Center-left President Cristina Fernandez has unveiled subsidized loans for everything from vacations to vehicles in a bid to soften the blow. She also proposed an income tax cut for the country’s highest-paid workers to stimulate spending.

Restaurant and movie-theater owners are offering discounts to attract clients, and clothing stores are launching end-of-season sales before the southern hemisphere summer has even begun.

Some retail outlets are allowing clients to purchase goods in quotas and supermarkets publish page-long advertisements in local newspapers to trumpet their sales offers.

“In the business community we’re seeing some caution, but there’s also a very quick and positive reaction,” said Eduardo D‘Alessio, director of D‘Alessio Irol consulting group.

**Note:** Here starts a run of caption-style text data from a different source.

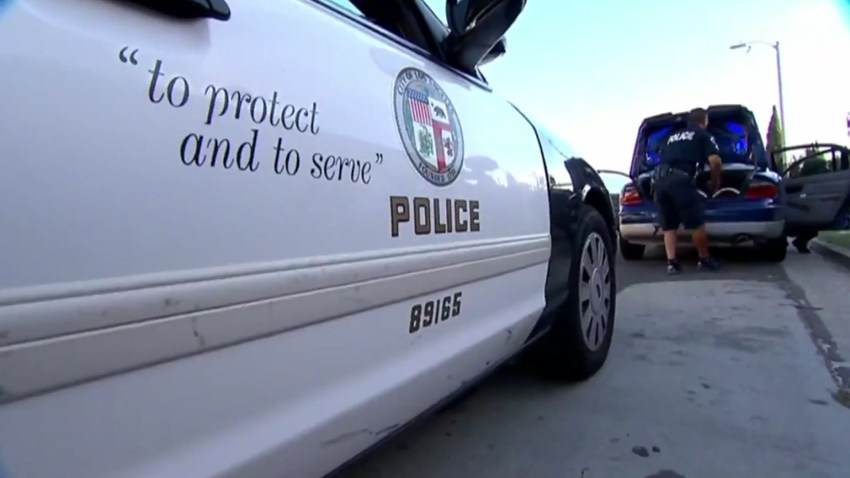 洛杉矶警察局警车(资料图片)(photo:NBCLA)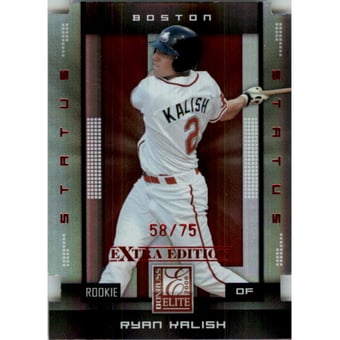 2008 Donruss Elite Extra Edition Status #158 Ryan Kalish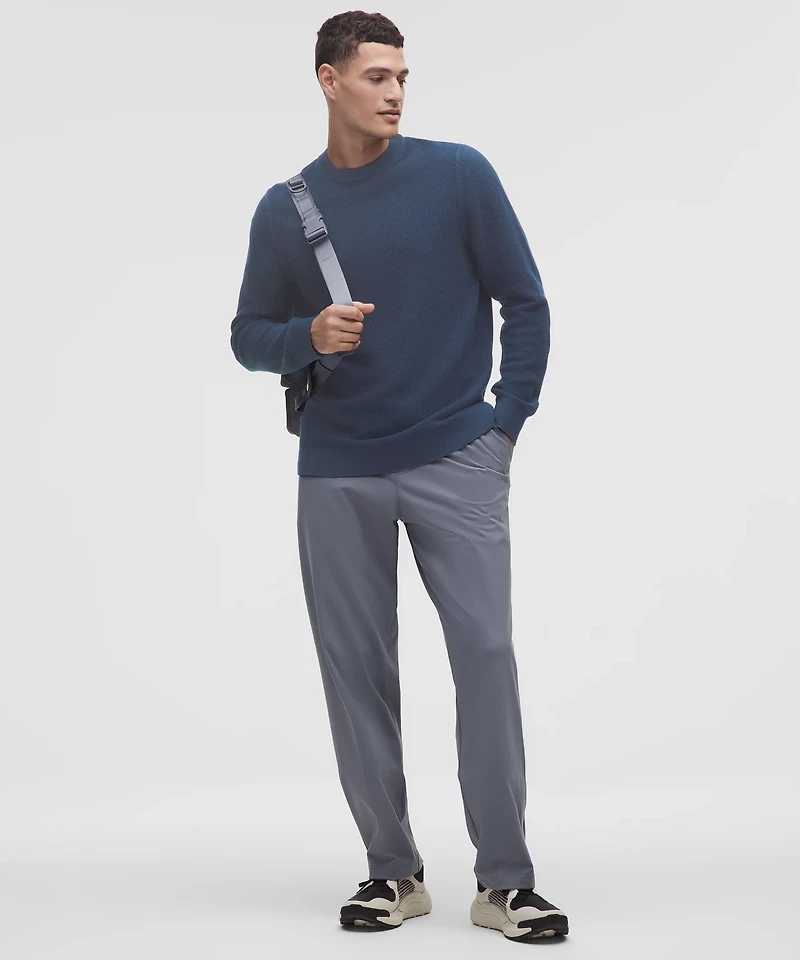 Textured Knit Crewneck Sweater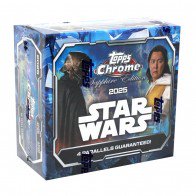 2025 Topps Star Wars Chrome Sapphire Edition Box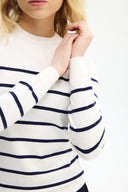 Adv Slim Fit Beyaz Kadın Triko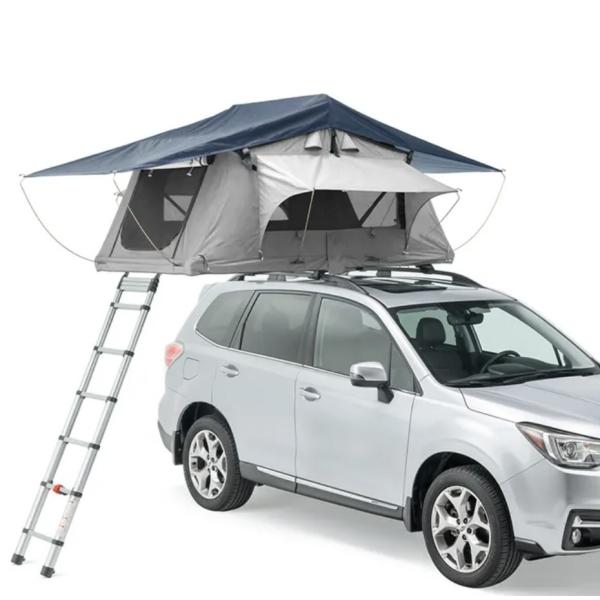 Spacious Polyester Roof Top Tent with Awning for 3-4 Persons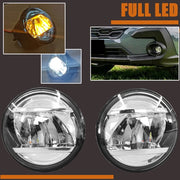 DURAFORCE Fit 2024 Subaru Crosstrek Full LED Front Fog Lights Lamp Double light W/Switch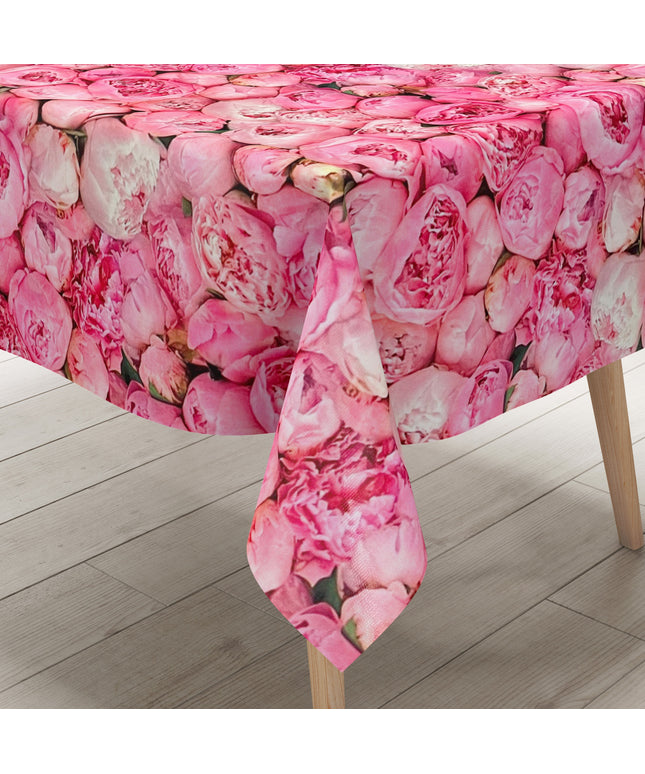 Wachstuch Tischdecke Rosen Pfingstrosen rosa
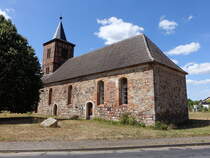 Grben, evangelische Kirche, Feldsteinkirche aus dem 14. Jahrhundert (04.07.2025)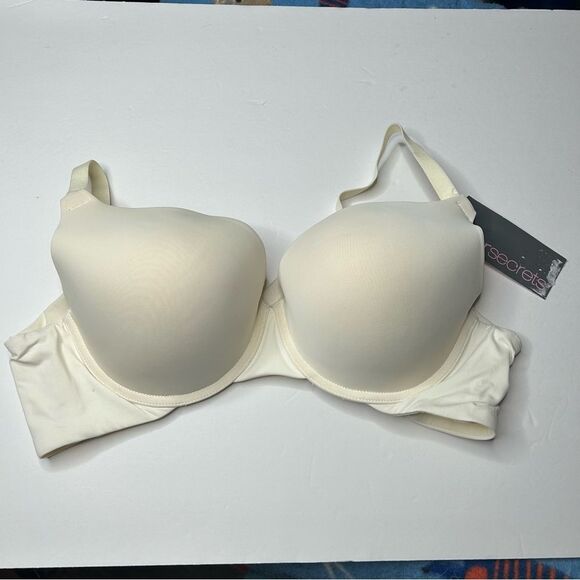 New Inner Secrets Cream Lined Molded Cup Bra 42B - Picture 7 of 7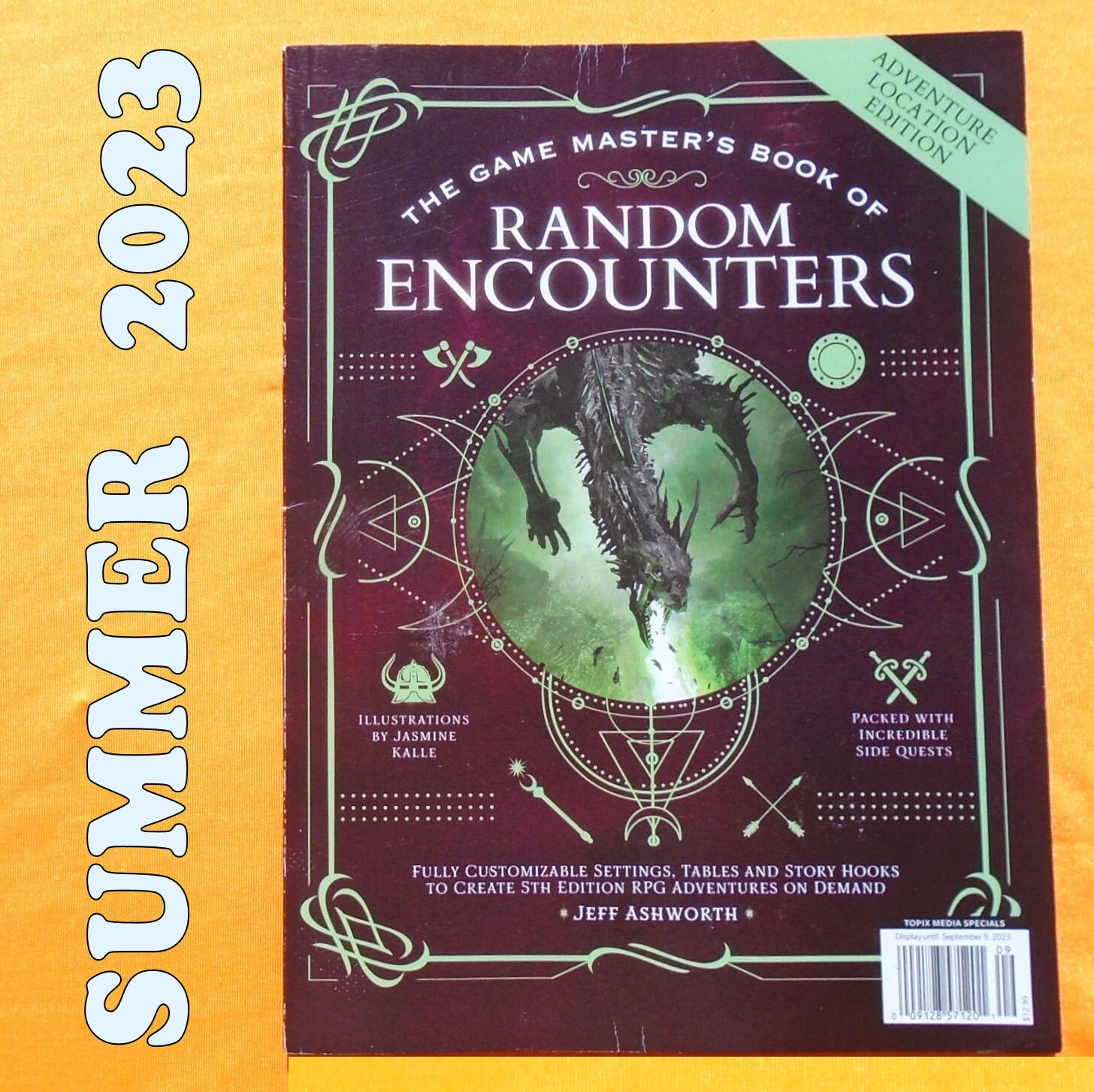 Game Master’s Book Of Random Encounters Magazine Summer 2023 98 Pages *BRAND NEW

“Some companies are taking advantage of this situation to win new markets. They have launched more modest offers and are making inroads outside the capital in places where the biggest firms are absent,” he added.

Many Argentines think their vast experience with crises gives them an advantage over people in less volatile countries, but psychoanalyst Jose Abadi disagrees.

“Some people might have the fantasy that we’re trained to endure crises and that means we’re less affected. That is magic thinking, which we have plenty of here in Argentina,” he said.

In fact, expecting the worst can accelerate the onset of a crisis, Abadi said. “Catastrophic expectations don’t help, on the contrary, they create a climate of uncertainty and anxiety that makes day-to-day living difficult.”